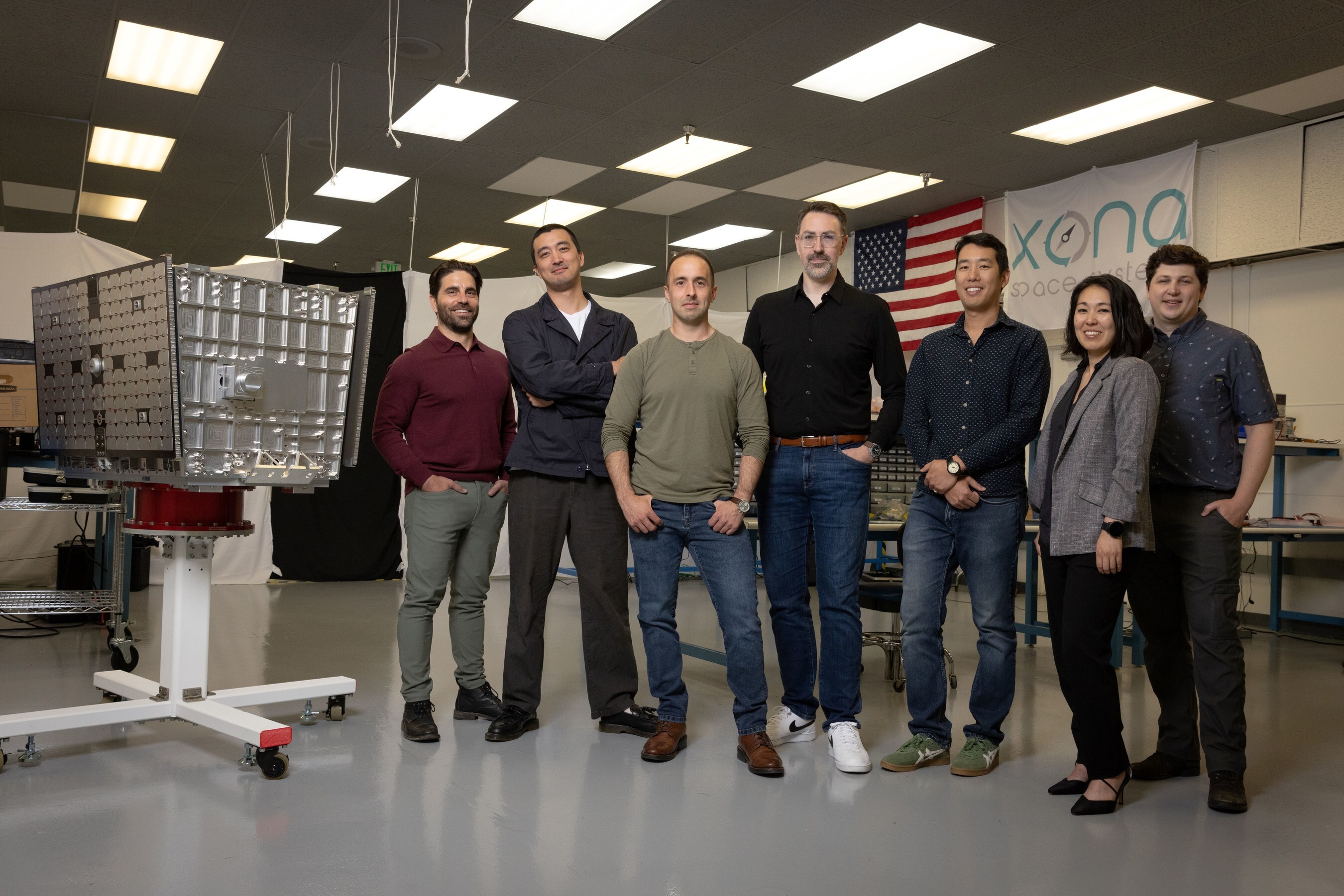 Xona Raises $92M to Rebuild Satellite Navigation for a New Era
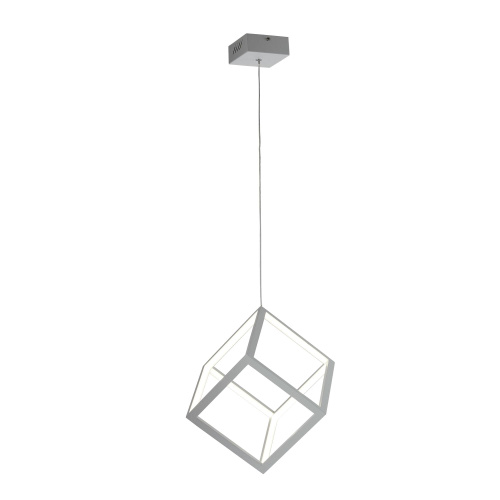 Citilux Куб CL719200 LED Подвесной светильник Белый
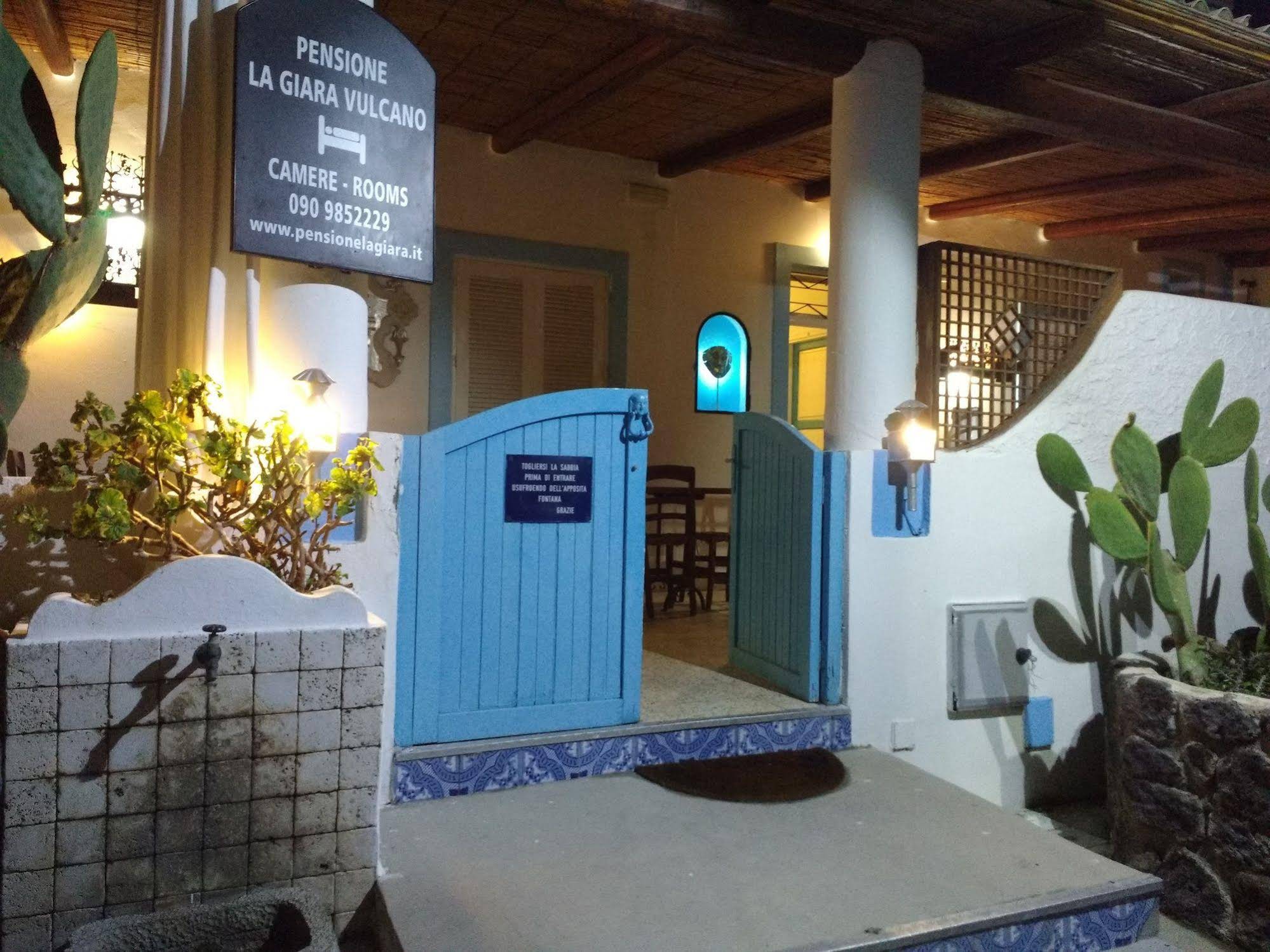 Pensione La Giara
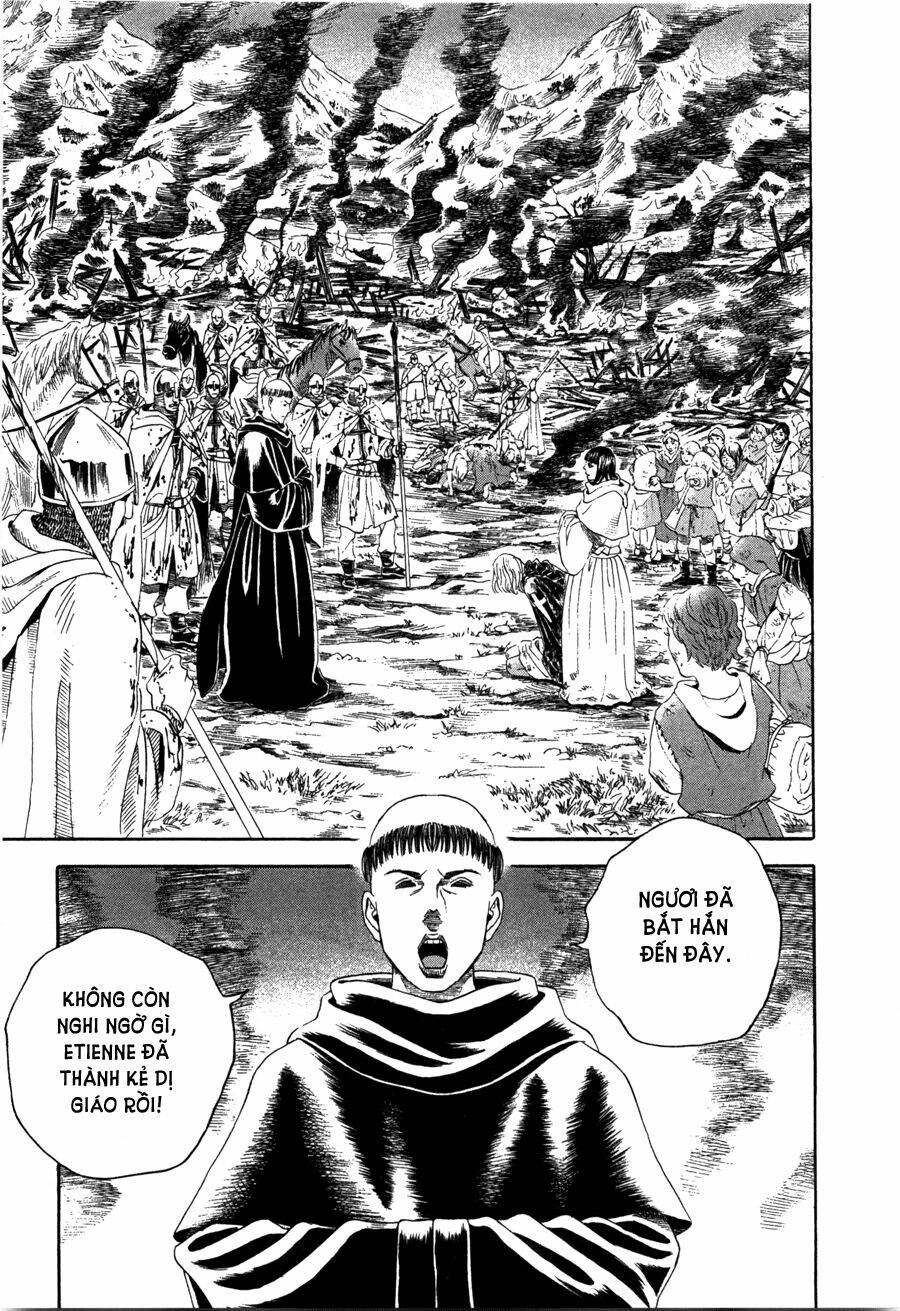 Innocents Shounen Juujugun Chapter 20 - Trang 2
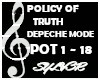 POLICY OF TRUTH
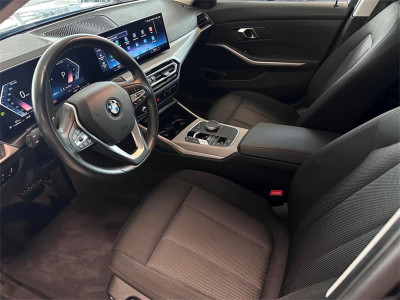BMW 3er Gebrauchtwagen
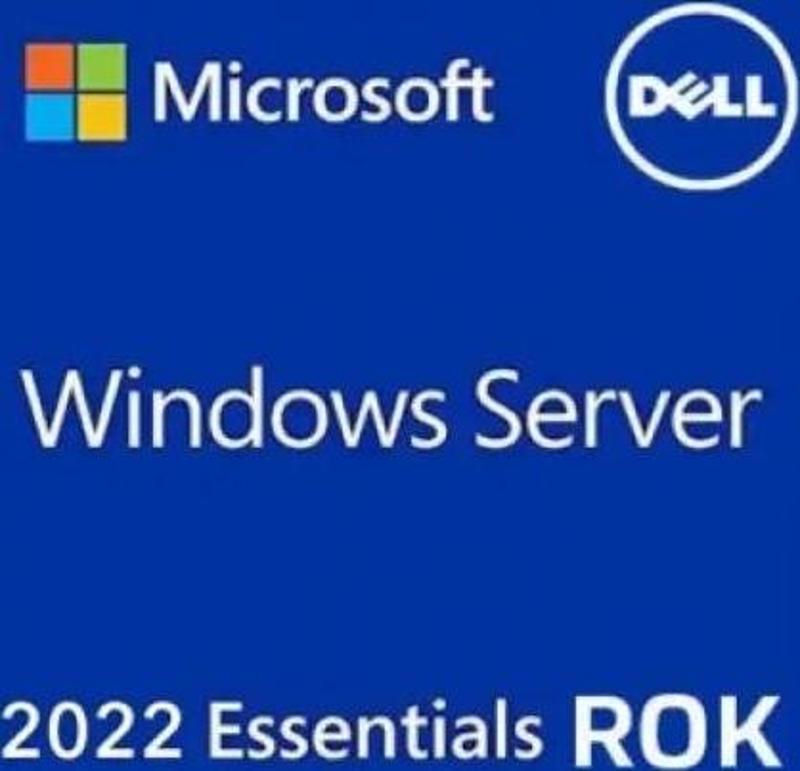 ROK Windows Server 2022 Essential W2K22ESN 634-BYLI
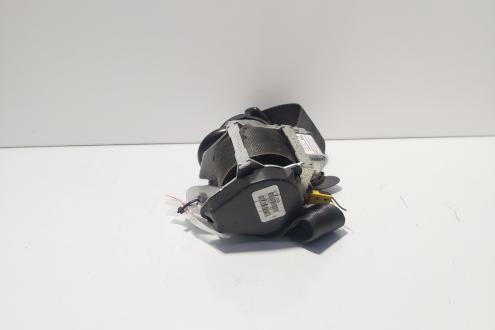 Centura dreapta fata cu capsa, cod 1K4857706BG, VW Golf 6 Cabriolet (517) (idi:674327)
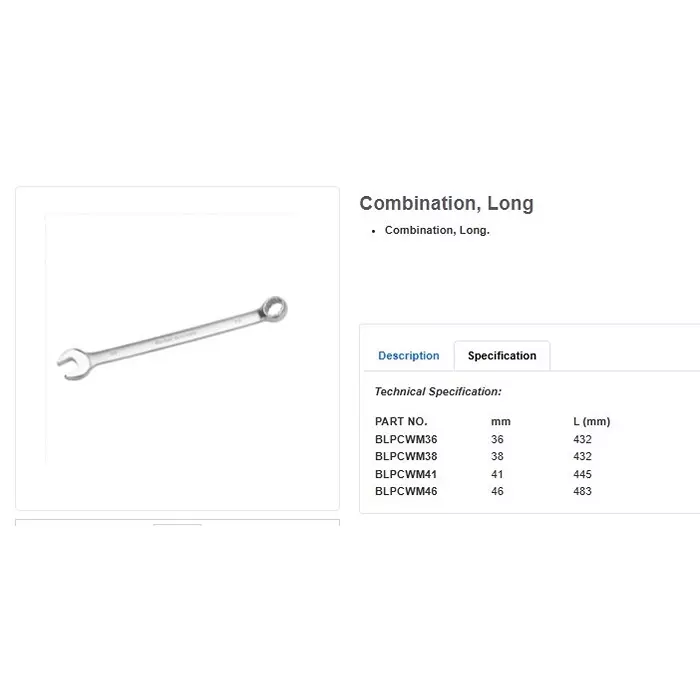 blue-point-36-mm-long-combination-wrench-12-point-chrome-finish-and-alloy-steel-body-blpcwm36apl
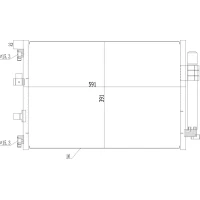 Kondicioniera radiators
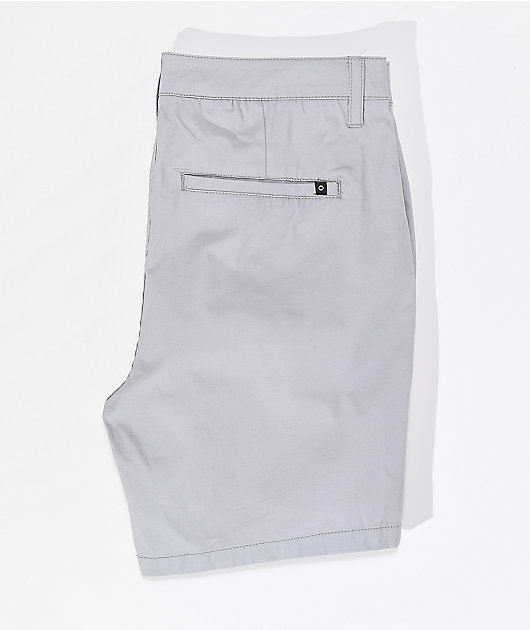 Empyre Jimmy Grey Chino Shorts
....................
▶ **YOUR OBJECTIVE**: Nothing but the lines from the one containing "Pensione La Giara" through the last line of the data should appear in the answer, copied exactly, with pictures excluded.

▶ **RESPONSE AREA**:
 Pensione La Giara
 Innocents Shounen Juujugun Chapter 20 - Trang 2
 POLICY OF TRUTH
BMW 3er Gebrauchtwagen
 ROK Windows Server 2022 Essential W2K22ESN 634-BYLI
 Centura dreapta fata cu capsa, cod 1K4857706BG, VW Golf 6 Cabriolet (517) (idi:674327)
 blue-point-36-mm-long-combination-wrench-12-point-chrome-finish-and-alloy-steel-body-blpcwm36apl
 Kondicioniera radiators
 Empyre Jimmy Grey Chino Shorts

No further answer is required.